Sunday, 11 September 2011

Skinny Choc Mint Icecream..



3 egg yolks
1⁄2 cup castor sugar
200ml extra light cream 
350ml skim milk 
pinch salt 
Peppermint Essense to taste and green food colouring to colour
100g chocolate bits (I used Mini Specked Easter Eggs)

Beat the egg yolk and sugar together until fluffy. Stir 
in the remaining ingredients. Pour into the freezer canister and allow to churn and freeze. 

Note: Any variation of chocolate bar finely 
chopped can be used i.e.

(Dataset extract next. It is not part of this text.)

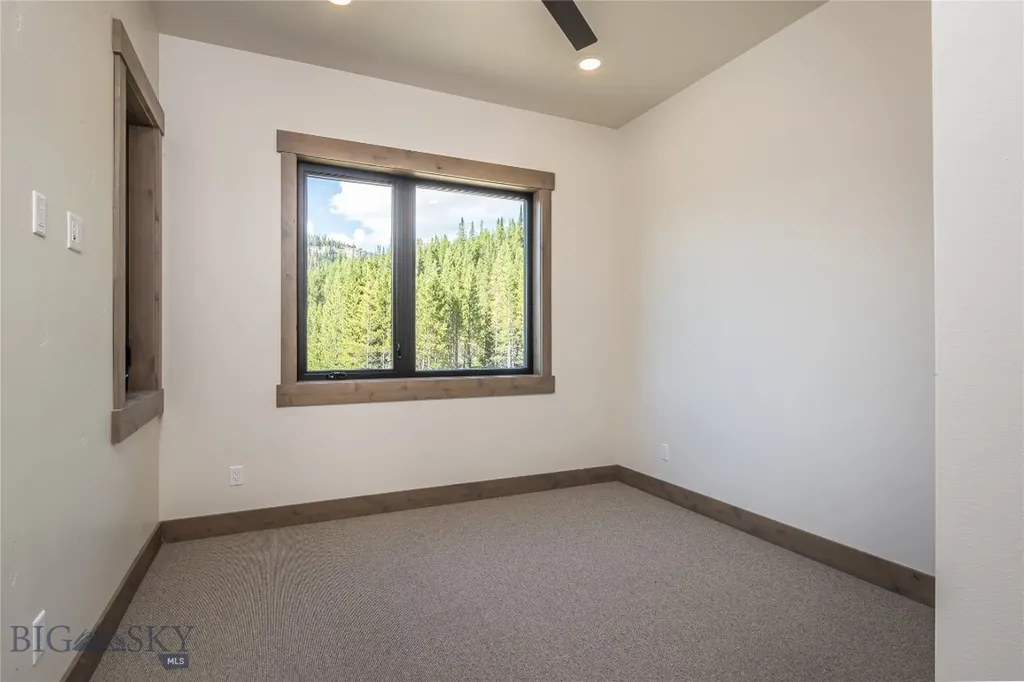 2D Summit View - 502d Big Sky MT 59716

Cherry Ripe, Mars 
Bar, Violet Crumble or Peppermint Crisp. 

If you don't have an icecream maker.... 

Take your ice cream recipe mixture and carefully pour it into the bowl, then chill in the fridge for up to 2 hours. 

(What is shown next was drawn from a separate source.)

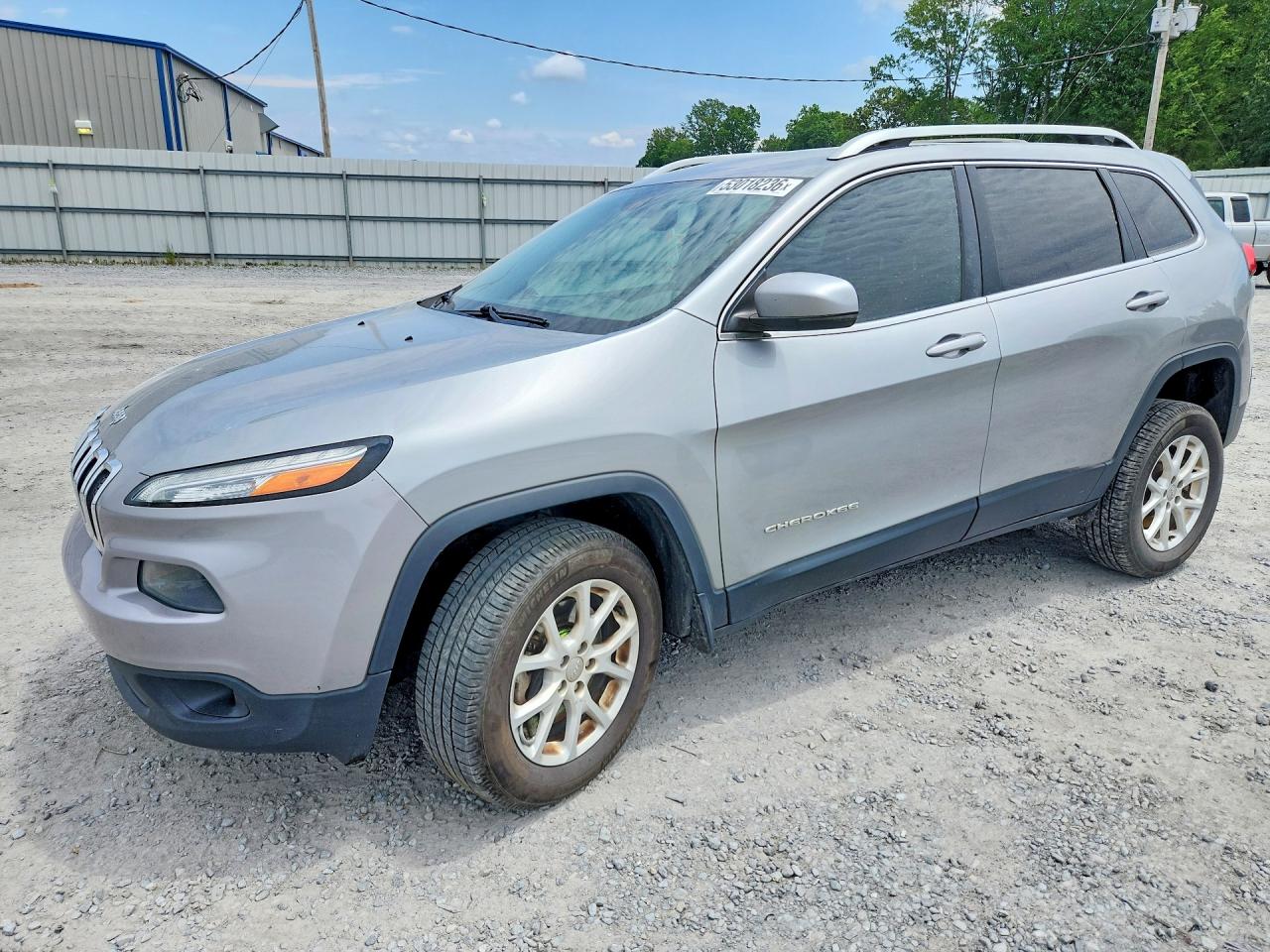 Salvage Jeep Grand Cherokee Image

Take the bowl out of the fridge and transfer to the freezer for about half an hour. Then check just how much the mixture has frozen - ideally, it should have started to freeze at the edges but not fully through to the centre. 

Take the bowl out of the freezer and beat the ice cream mixture until it’s creamy once again (to dislodge and break up the ice crystals that have formed). 

Put it back in the freezer for another half hour, then remove and once again beat with a whisk. 

Do this again so that you have beaten the mixture a total of 3 times whilst freezing in between. Put the mixture back into the freezer for a final time until it’s ready to eat.